What’s common when models overfit, though, is that the coefficients (the parameters) tend to become very large (either positive or negative, we’re talking only about the magnitude). So this is something to go by. Note that our model is trying to minimize the cost function. Therefore, an obvious way to minimize this overfitting problem is to include the coefficients (parameters) themselves in the cost function. When we do this, we’re using regularization.

There are several ways of adding the coefficients, with no real right or wrong way (okay, so there are some wrong ways, but we’ll not go there). Before we look at how we do this, a word of caution. Remember how in the least-squares cost function, we simply threw in a $\frac{1}{m}$ factor, and said it wouldn’t affect the values of the coefficients that we’d obtain? That held true there because when we set the derivative of the cost function to 0, multiplying this by a constant makes no difference to the values you obtain (this is a calculus concept, so if it went over your head, try understanding the gist of it). However, when we add regularization terms, this doesn’t hold true anymore. We also can’t simply throw a $\frac{1}{m}$ on the regularization term, either (we’ll see why shortly). The fix for this is simple, but important: perform feature scaling of some sort. We discussed this right after regression, and I showed examples in Python. Now that we’ve covered that, we can proceed.

Let’s start with the basics. Let’s take our linear regression model, and to the cost function, we’ll add the term $\lambda \sum_{i=0}^n |\Theta_i|$. Thus, we have $J(\Theta) = \frac{1}{2m}\sum_{i=1}^m \left( h(x^{(i)}) - y^{(i)} \right)^2 + \lambda \sum_{i=0}^n |\Theta_i|$

The $\lambda$ term controls how much we want to regularize the parameters. You can experiment with different values to find what works best. The above is called lasso regression (for those of you who are curious, lasso stands for “least absolute shrinkage and selection operator”). The regularization term we added, that is, the sum of the absolute values (ignoring the $\lambda$ term) is called the L1 norm. Although lasso regression was meant to be used with linear regression, you can also use it with generalized linear models.

We could also take the square of each $\Theta_i$ instead of the absolute value.

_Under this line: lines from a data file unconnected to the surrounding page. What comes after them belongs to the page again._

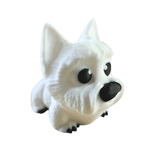 Westie Terrier - Fragrant Moon Designs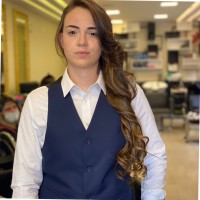 Gabrieli Souza Oliveira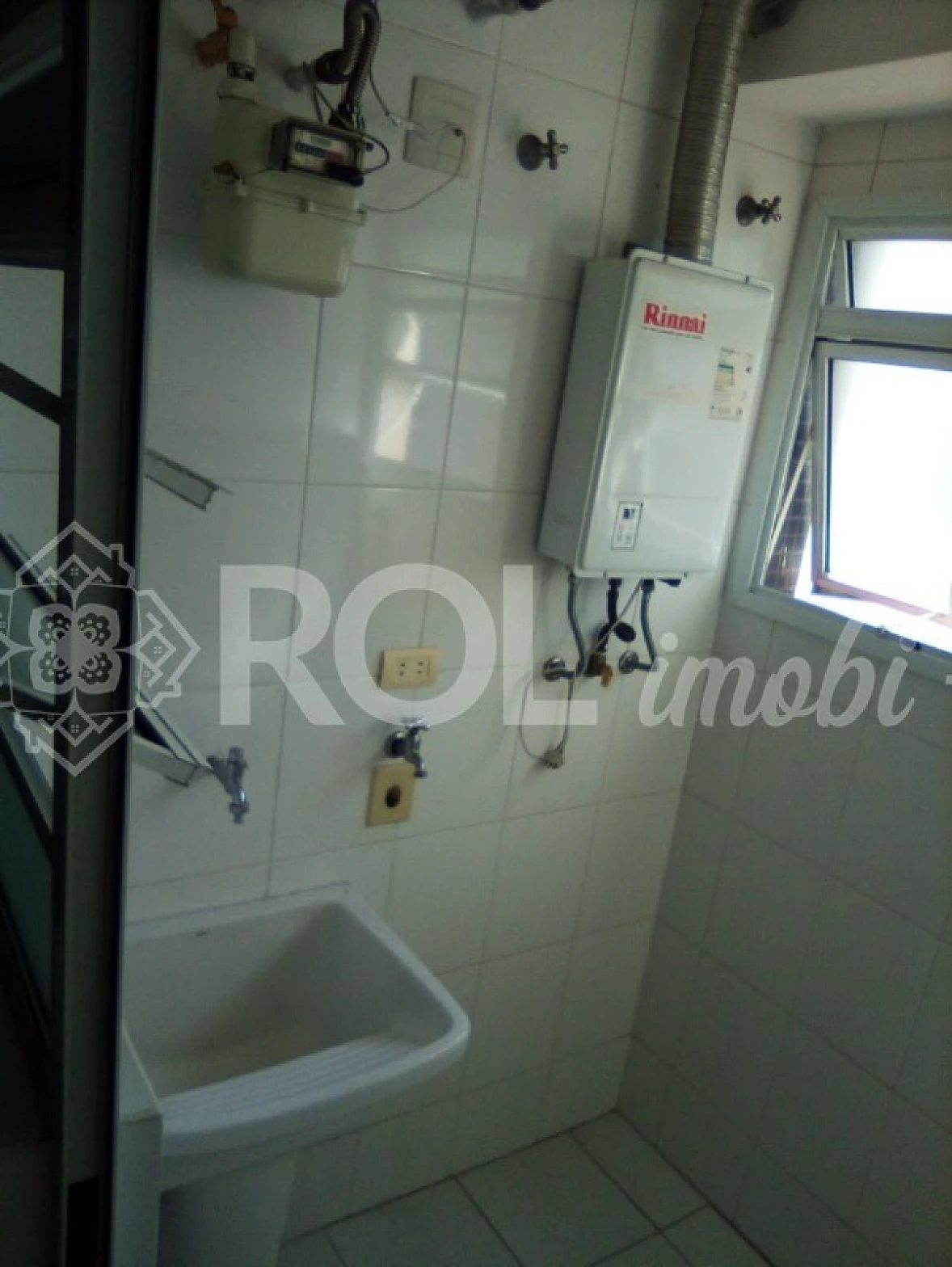 Apartamento em Perdizes, São Paulo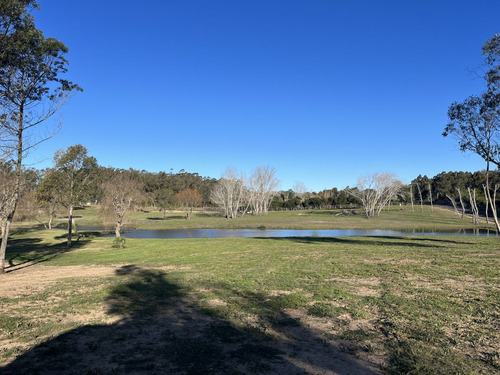 Terreno En Venta En Pueblo Mio Chacras De Golf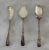 Sheffield Sheffield England Cheesemaster 3 Piece Service Set For Sale - Image 4 of 9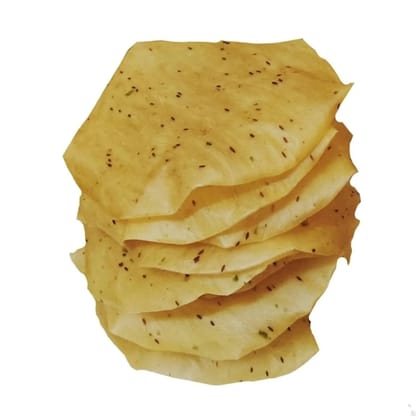 Rice Khichiya Papad 1   KG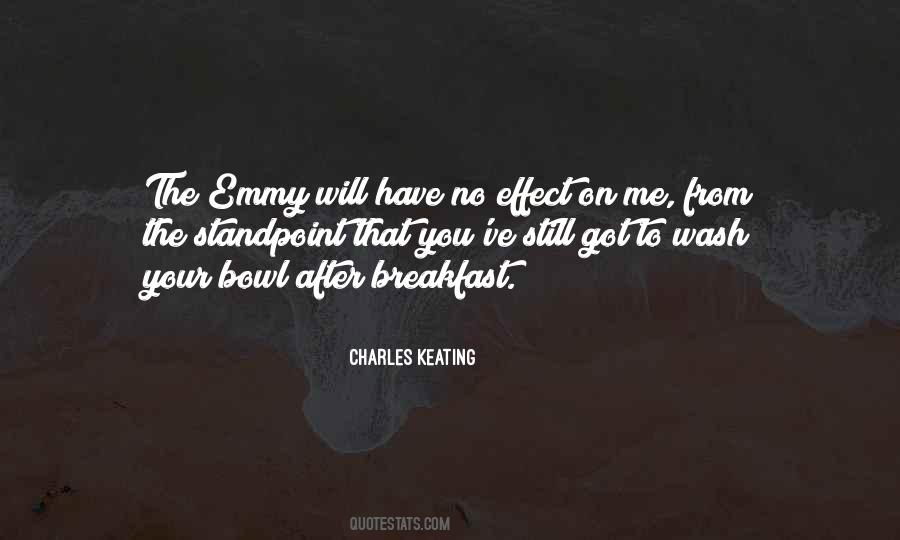 Charles Keating Quotes #1431968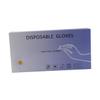 Gadpiparty 50pcs Pvc Gloves Disposable Vinyl Gloves Protective Lip Eyebrow Embroidered view 1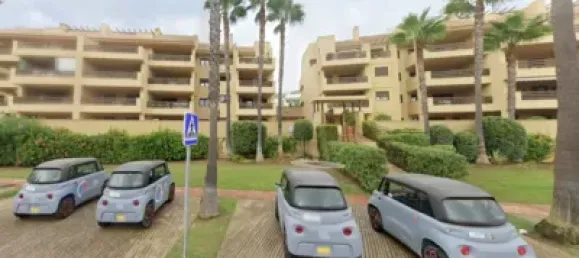 2 bedrooms Apartment in Cadiz, Spain No. 166947 2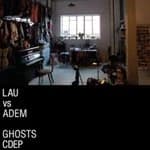 Adem - Ghosts (Music CD)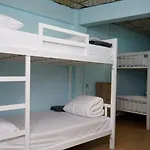 Walking Street Hostel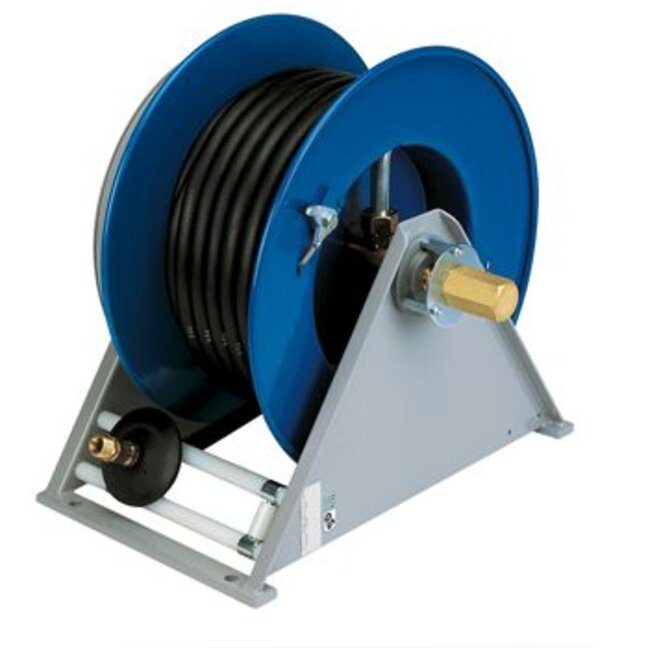 AUTOMATISCHER SCHLAUCHAUFROLLER BT 5.10.13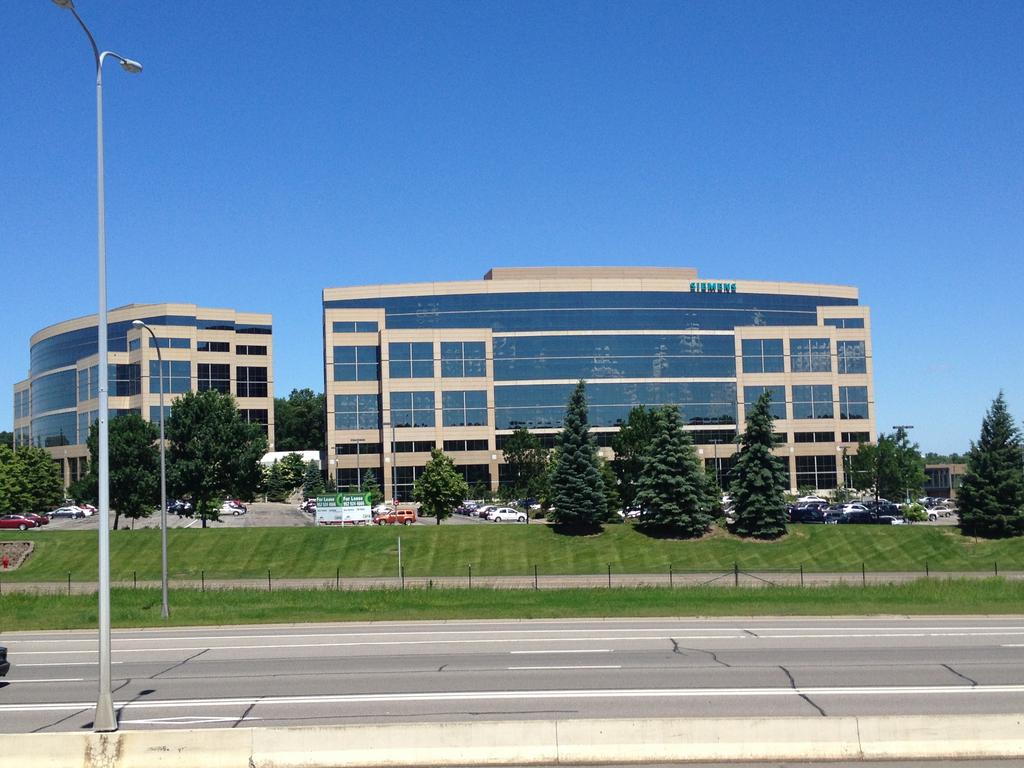 Booth Law Group LLC Minnetonka,  Office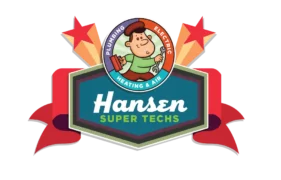 Hansen Super Techs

When we do that, the resulting model is called ridge regression. In machine learning, the term weight decay has caught on better, because these regularization methods effectively cause the parameter values (or “weights”) to go down (or “decay”), resulting in a model that does not overfit. Concretely, the cost function is $J(\Theta) = \frac{1}{2m}\sum_{i=1}^m \left( h(x^{(i)}) - y^{(i)} \right)^2 + \frac{\lambda}{2} \sum_{i=0}^n \Theta_i^2$

We added the 2 in the denominator for the same mathematical convenience as for the ordinary least-squares cost function. This regularization term (again, without the $\lambda$ term is called the L2 norm. Instead of the summation term, you may instead see $\left \| \Theta \right \|$, which is the mathematical way of representing the L2 norm.

Implementing these is easy, because the terms are simple. Taking the derivatives of these is also easy, so I won’t give them a separate post. Instead, I’ll next discuss how to implement softmax regression with regularization.